Es wird gar nicht mehr danach geschaut, wer wo Demokratie und Rechtsstaatlichkeit verletzt. Wer wo und wie Terror anwendet und wer, in maßloser Gegenwehr, seinerseits das Völkerrecht bricht. Es werden vor dem Hintergrund alter Schwächen, dass man nämlich die Nazis nicht wirklich auf ewig ausgeschaltet hat und ihre Erben sich beträchtlicher Umfragewerte beglückwünschen können, neue Empörungsfelder gesucht, die Gefahrenschablonen hergeben. Es ist ein Fluch, in den sich deutsche Politik verirrt. Weil man nicht weiß, wie man rechts aufräumen kann, wird fadenscheinig auf andere eingeprügelt.
Probleme über reine Formalismus-Debatten zu erörtern, kann streitbar sein. In diesem Fall ist es angebracht, Art und Weisen, wie man mit (Israel-)kritischer Literatur und Kunst umgeht, durchaus auf formale Prüfstände zu stellen. Denn eben die Form des Umgangs im Meinungsgefecht lässt durchaus auf Wesenszüge und Gesinnungen schließen. Es wird schnell markiert und abgeurteilt, und dann geradewegs aussortiert. Das kennen wir, sorry, von denen, die ehedem genau so handelten. Gegen Jüdinnen und Juden – und alle, die sonst nicht konform erschienen. So freilich beschwört man alte Geister, nicht aufgeklärten Geist.
Das streitbare Erbe deutscher Debatten-(Un)Kultur ist, so befürchte ich, in dogmatischen Sphären festgefahren.
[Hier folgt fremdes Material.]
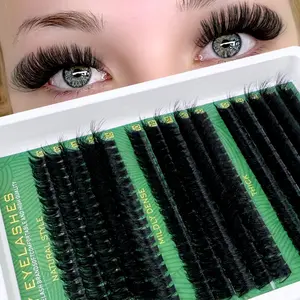 295pcs DIY Human Mink Eyelashes, High Quality Eyelashes, 60D+80D+100D, 100D+120D+160D, 160D+200D+300D, 5D Effect, Mixed Tray, Makeup Tool, Home Use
Das gilt für viele politische Lager, aber eben auch für das Lager derer, die jetzt vorgeben, Antisemitismus bekämpfen zu wollen. Dieser Umgang miteinander, dieser gnaden- und diskussionsfeindliche Angang ist ein nicht aus der Welt geschafftes Signum deutscher Mentalität. Wir schaffen es einfach nicht, uns der Spannbreite des Denkens in Diskussionen, auch Streit, zu stellen. Sondern glauben, wenn wir Schluss sagen, dann wäre auch Schluss. Aber das ist ein Trugschluss. So werden die Menschen nicht klüger, so bleiben Menschen ewig dumm.